- Other names: HFI
- Fructose
- Specialty: Endocrinology

= Hereditary fructose intolerance =

Hereditary fructose intolerance (HFI) is an inborn error of fructose metabolism caused by a deficiency of the enzyme aldolase B. Individuals affected with HFI are asymptomatic until they ingest fructose, sucrose, or sorbitol. If fructose is ingested, the enzymatic block at aldolase B causes an accumulation of fructose-1-phosphate which, over time, results in the death of liver cells. This accumulation has downstream effects on gluconeogenesis and regeneration of adenosine triphosphate (ATP). Symptoms of HFI include vomiting, convulsions, irritability, poor feeding as a baby, hypoglycemia, jaundice, hemorrhage, hepatomegaly, hyperuricemia and potentially kidney failure. There are reported deaths in infants and children as a result of the metabolic consequences of HFI. Death in HFI is always associated with problems in diagnosis.

HFI is an autosomal recessive condition caused by mutations in the ALDOB gene, located at 9q31.1. HFI is typically suspected based on dietary history, especially in infants who become symptomatic after breast feeding. This suspicion is typically confirmed by molecular analysis Treatment of HFI involves strict avoidance of fructose in the diet. Older patients with HFI typically self-select a diet low in fructose, even before being diagnosed.

The discovery of hereditary fructose intolerance (HFI) as a clinical entity is credited to Chambers and Pratt, who first described the condition in 1956. They identified it in a 24-year-old woman who experienced nausea and abdominal pain specifically after consuming fruit or sugar, describing it at the time as an "...idiosyncrasy to fructose" .

==Presentation==
The key identifying feature of HFI is the appearance of symptoms with the introduction of fructose to the diet. Affected individuals are asymptomatic and healthy, provided they do not ingest foods containing fructose or any of its common precursors, sucrose and sorbitol. In the past, infants often became symptomatic when they were introduced to formulas that were sweetened with fructose or sucrose. These sweeteners are not common in formulas used today. Symptoms such as vomiting, nausea, restlessness, pallor, sweating, trembling and lethargy can also first present in infants when they are introduced to fruits and vegetables. These can progress to apathy, coma and convulsions if the source is not recognized early.

When patients are diagnosed with HFI, a dietary history will often reveal an aversion to fruit and other foods that contain large amounts of fructose. Most adult patients do not have any dental caries.

== Fructose metabolism ==
After ingestion, fructose is converted to fructose-1-phosphate in the liver by fructokinase. Deficiencies of fructokinase cause essential fructosuria, a clinically benign condition characterized by the excretion of unmetabolized fructose in the urine. Fructose-1-phosphate is metabolized by aldolase B into dihydroxyacetone phosphate and glyceraldehyde. HFI is caused by a deficiency of aldolase B.

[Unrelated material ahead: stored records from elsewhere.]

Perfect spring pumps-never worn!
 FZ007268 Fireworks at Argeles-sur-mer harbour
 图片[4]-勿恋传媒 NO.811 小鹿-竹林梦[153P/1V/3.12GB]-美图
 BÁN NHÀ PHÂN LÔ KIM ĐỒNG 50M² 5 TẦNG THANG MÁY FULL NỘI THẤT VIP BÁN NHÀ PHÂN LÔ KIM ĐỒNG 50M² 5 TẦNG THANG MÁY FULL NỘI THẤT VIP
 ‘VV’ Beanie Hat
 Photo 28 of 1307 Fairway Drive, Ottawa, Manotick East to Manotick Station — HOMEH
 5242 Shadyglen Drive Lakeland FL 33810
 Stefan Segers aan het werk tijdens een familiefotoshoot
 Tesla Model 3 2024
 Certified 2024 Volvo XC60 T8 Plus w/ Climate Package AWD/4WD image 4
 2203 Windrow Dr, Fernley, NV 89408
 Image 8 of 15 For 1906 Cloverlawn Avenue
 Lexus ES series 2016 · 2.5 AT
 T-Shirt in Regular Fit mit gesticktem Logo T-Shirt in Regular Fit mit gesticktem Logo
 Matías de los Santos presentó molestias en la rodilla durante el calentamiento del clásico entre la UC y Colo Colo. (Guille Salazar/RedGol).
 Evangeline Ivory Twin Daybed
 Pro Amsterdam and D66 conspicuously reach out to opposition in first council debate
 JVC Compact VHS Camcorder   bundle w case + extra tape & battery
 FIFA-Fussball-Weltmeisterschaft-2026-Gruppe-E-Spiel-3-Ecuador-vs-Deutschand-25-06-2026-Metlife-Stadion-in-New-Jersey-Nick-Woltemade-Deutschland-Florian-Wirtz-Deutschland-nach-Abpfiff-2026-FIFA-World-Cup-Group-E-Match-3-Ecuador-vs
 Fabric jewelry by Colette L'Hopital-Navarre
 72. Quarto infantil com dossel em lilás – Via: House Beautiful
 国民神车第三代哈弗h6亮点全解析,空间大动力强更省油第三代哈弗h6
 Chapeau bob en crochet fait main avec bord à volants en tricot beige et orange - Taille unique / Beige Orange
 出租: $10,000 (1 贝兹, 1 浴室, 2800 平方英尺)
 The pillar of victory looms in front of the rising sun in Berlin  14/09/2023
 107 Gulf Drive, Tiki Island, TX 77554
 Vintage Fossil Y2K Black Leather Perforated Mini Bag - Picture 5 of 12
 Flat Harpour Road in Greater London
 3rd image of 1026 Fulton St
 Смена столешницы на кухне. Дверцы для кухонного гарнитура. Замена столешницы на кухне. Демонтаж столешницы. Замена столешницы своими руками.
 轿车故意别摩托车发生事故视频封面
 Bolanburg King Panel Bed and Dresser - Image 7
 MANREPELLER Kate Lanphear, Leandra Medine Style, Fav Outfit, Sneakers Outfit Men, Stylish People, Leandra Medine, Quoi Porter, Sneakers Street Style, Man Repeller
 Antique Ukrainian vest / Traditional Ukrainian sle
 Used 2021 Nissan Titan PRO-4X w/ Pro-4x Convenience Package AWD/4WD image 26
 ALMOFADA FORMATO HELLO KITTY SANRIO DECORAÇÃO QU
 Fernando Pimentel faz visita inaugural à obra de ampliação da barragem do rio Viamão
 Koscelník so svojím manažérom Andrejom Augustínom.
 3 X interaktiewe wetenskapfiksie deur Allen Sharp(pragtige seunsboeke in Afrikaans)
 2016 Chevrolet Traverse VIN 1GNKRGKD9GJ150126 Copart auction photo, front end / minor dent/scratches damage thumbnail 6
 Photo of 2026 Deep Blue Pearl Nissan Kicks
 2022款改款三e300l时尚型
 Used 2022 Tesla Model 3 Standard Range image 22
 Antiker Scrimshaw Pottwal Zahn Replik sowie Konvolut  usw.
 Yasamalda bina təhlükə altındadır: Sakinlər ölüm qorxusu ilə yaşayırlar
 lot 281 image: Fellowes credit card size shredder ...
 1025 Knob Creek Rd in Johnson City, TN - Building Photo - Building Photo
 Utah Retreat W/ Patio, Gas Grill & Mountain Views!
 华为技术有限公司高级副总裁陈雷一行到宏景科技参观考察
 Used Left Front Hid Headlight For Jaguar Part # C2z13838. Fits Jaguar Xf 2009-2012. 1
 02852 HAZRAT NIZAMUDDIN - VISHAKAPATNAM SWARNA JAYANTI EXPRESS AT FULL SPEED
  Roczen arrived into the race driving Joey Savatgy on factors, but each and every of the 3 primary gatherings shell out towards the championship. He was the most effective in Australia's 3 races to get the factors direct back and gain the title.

A deficiency of aldolase B results in an accumulation of fructose-1-phosphate, and trapping of phosphate (fructokinase requires adenosine triphosphate (ATP)). The downstream effects of this enzyme block are the inhibition of glucose production and reduced regeneration of ATP.

== Diagnosis ==
Because of the ease of therapy (dietary exclusion of fructose), HFI can be effectively managed if properly diagnosed. In HFI, the diagnosis of homozygotes is difficult, requiring a genomic DNA screening with allele-specific probes or an enzyme assay from a liver biopsy. Once identified, parents of infants who carry mutant aldolase B alleles leading to HFI, or older individuals who have clinical histories compatible with HFI can be identified and counselled with regard to preventive therapy: dietary exclusion of foods containing fructose, sucrose, or sorbitol. If possible, individuals who suspect they might have HFI should avoid testing via fructose challenge as the results are non-conclusive for individuals with HFI, and even if the diagnostic administration of fructose is properly controlled, profound hypoglycemia and its sequelae can threaten the patient's well-being.

== Treatment ==
Treatment of HFI depends on the stage of the disease, and the severity of the symptoms. Stable patients without acute intoxication events are treated by careful dietary planning that avoids fructose and its metabolic precursors. Fructose is replaced in the diet by glucose, maltose or other sugars. Management of patients with HFI often involves dietitians who have a thorough knowledge of what foods are acceptable.

== Scythian mutation ==
Genetic analysis of ancient Don Scythians found an ALDOB gene pathogenic variant named p.Ala150Pro or rs1800546. Those people's diet was mostly meat, dairy, and C4 plants with no fruits. Their skeletons showed no indications of tooth decay. That variant spread through Europe to be by far the main cause of hereditary fructose intolerance.